Nice score Eddie. I have no idea whom made it. What did you give for it?


----------



## eddie0225 (Aug 19, 2018)

$200


----------



## eddie0225 (Aug 19, 2018)

would love to at least get an idea who might've made it so if I ever need parts


----------



## FredM (Nov 18, 2015)

It is called a PTO drive shaft Eddie, good buy for that price.


----------



## eddie0225 (Aug 19, 2018)

FredM said:


> It is called a PTO drive shaft Eddie, good buy for that price.


yes it is, I hate that there are times I completely forget what stuff is called or words simple stuff bugs the crap out of me


----------



## Hoodoo Valley (Nov 14, 2006)

Mental pause! Yeah, you did well on that Eddie. I paid $200 for my Kubota with a 12 inch auger.



eddie0225 said:


> yes it is, I hate that there are times I completely forget what stuff is called or words simple stuff bugs the crap out of me


----------



## eddie0225 (Aug 19, 2018)

Hoodoo Valley said:


> Mental pause! Yeah, you did well on that Eddie. I paid $200 for my Kubota with a 12 inch auger.


not a mental pause I had 3 mini strokes back past few years and stuff leaves but always comes back just not when I need it to lol.... this digger had I think its an 8 or 9 inch auger with it


----------



## RC Wells (Dec 26, 2008)

Ford built their own post hole auger, Model 903. You can take look at Messicks parts diagram and see if this is what you have: https://www.messicks.com/nh/64476


----------



## pogobill (Jan 31, 2012)

Good score eddie0225! The PTO shaft or the Auger bit would be worth that up in this neck of the woods.


----------



## eddie0225 (Aug 19, 2018)

pogobill said:


> Good score eddie0225! The PTO shaft or the Auger bit would be worth that up in this neck of the woods.


yeah normally the pto shaft is almost and more than that here


----------



## eddie0225 (Aug 19, 2018)

Well said I'd get pictures here's picture of the gearbox itself.


----------



## eddie0225 (Aug 19, 2018)

oh the red you see on parts of it are from a piece of granite with red paint on it


----------



## pogobill (Jan 31, 2012)

It looks like a Greenline EM5000 distributed by Walco


----------



## eddie0225 (Aug 19, 2018)

pogobill said:


> It looks like a Greenline EM5000 distributed by Walco


you know I think you might be right


----------



## JGPenfield (Mar 10, 2016)

It has a shear bolt connection. Shouldn’t all post hole diggers have a slip clutch?


Sent from my iPhone using Tractor Forum


----------



## pogobill (Jan 31, 2012)

JGPenfield said:


> It has a shear bolt connection. Shouldn’t all post hole diggers have a slip clutch?
> Sent from my iPhone using Tractor Forum


Not sure any of them have a slip clutch PTO shaft.
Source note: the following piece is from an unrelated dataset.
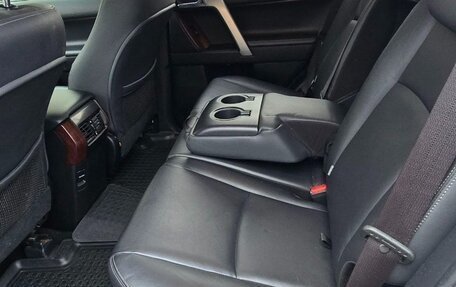 Toyota Land Cruiser Prado 150 рестайлинг 2, 2017 год, 4 750 000 рублей, 22 фотография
Mine and any one I've seen have shear bolts.


----------



## Hoodoo Valley (Nov 14, 2006)

Mine has a shear bolt as well.


----------



## eddie0225 (Aug 19, 2018)

far as I know most only thing I've seen a lot of with slip clutches was tillers and sometimes bush hogs. My tiller has a slip clutch but thats the only one bush hog doesn't or now the post hole digger don't


----------